**What to produce**
Ignoring every picture, return the lines of the listing below word for word, from the line that holds "Numery na kasku" through the line that holds "Poster în ramă albă - Of course - 40x40 cm".

**Records for processing**
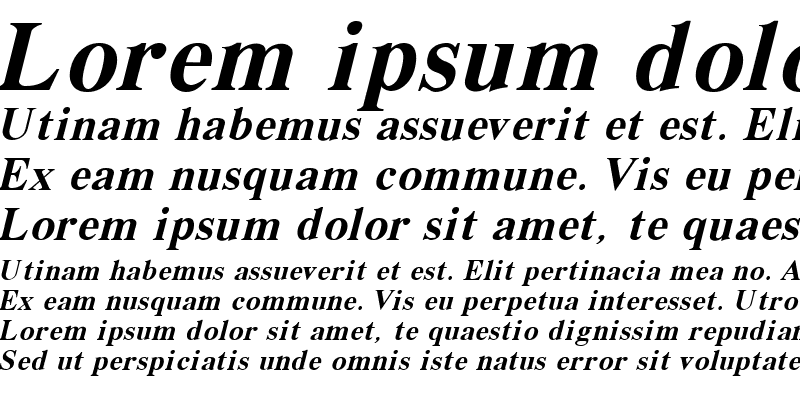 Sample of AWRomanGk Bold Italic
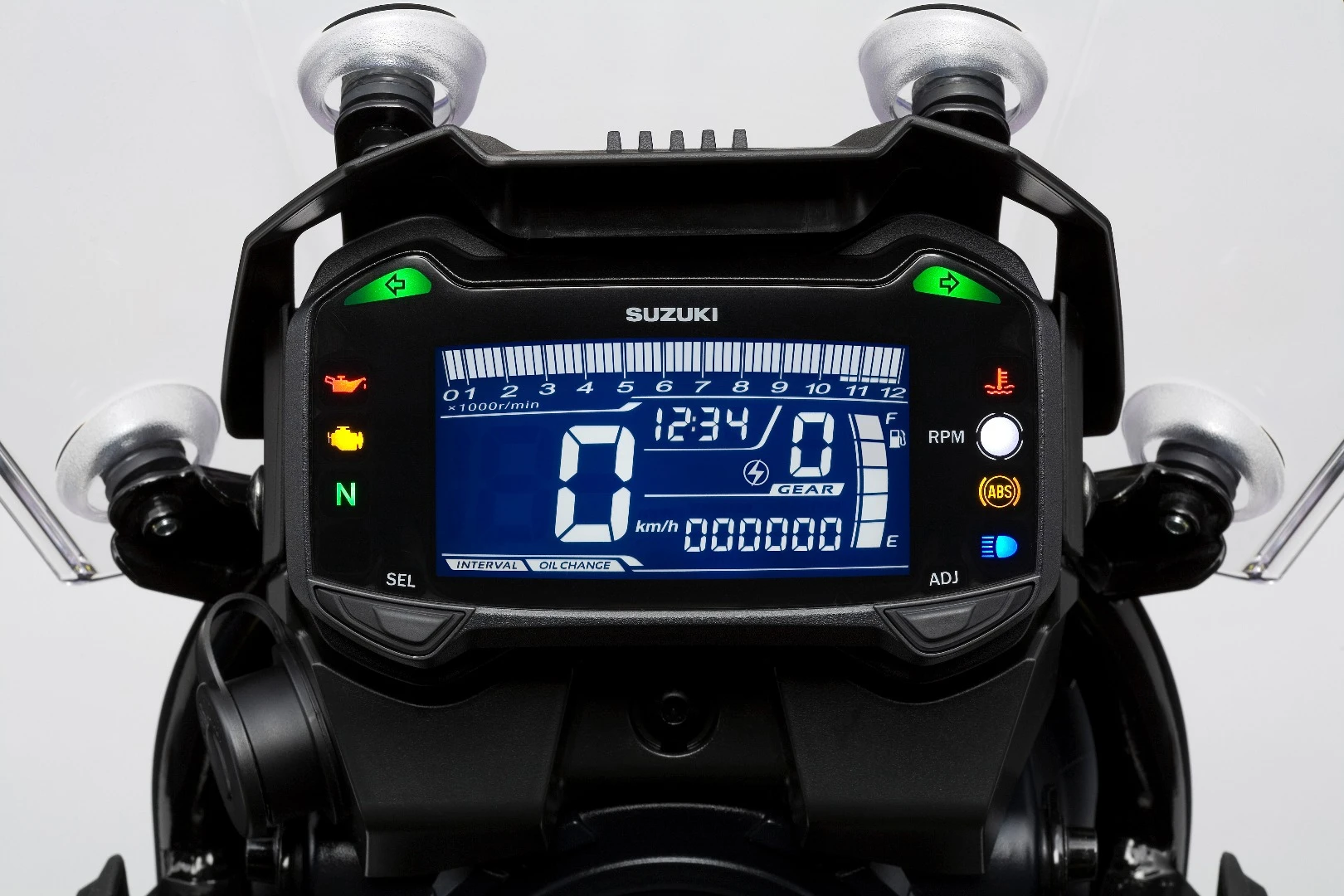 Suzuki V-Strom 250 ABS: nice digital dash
--
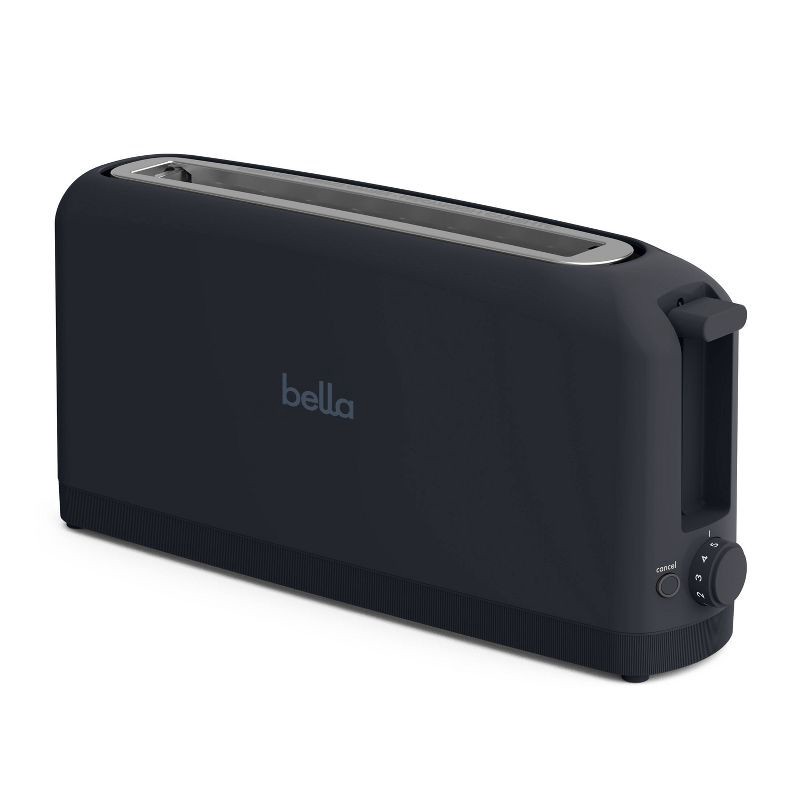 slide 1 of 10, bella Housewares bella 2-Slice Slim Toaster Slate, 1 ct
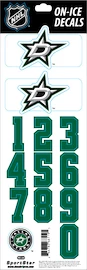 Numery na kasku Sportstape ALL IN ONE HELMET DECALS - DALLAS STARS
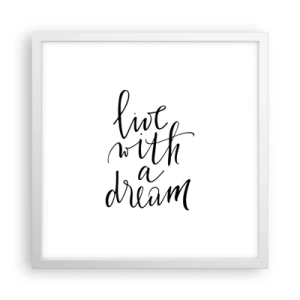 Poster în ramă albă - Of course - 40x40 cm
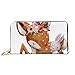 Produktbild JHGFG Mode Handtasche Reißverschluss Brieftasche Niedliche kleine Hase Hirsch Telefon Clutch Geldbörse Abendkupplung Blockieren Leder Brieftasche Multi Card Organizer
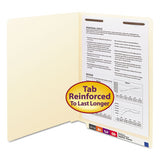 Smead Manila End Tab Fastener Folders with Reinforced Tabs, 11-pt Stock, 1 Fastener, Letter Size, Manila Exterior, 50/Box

**Output for this exercise**
 Numery na kasku Sportstape ALL IN ONE HELMET DECALS - DALLAS STARS
 Poster în ramă albă - Of course - 40x40 cm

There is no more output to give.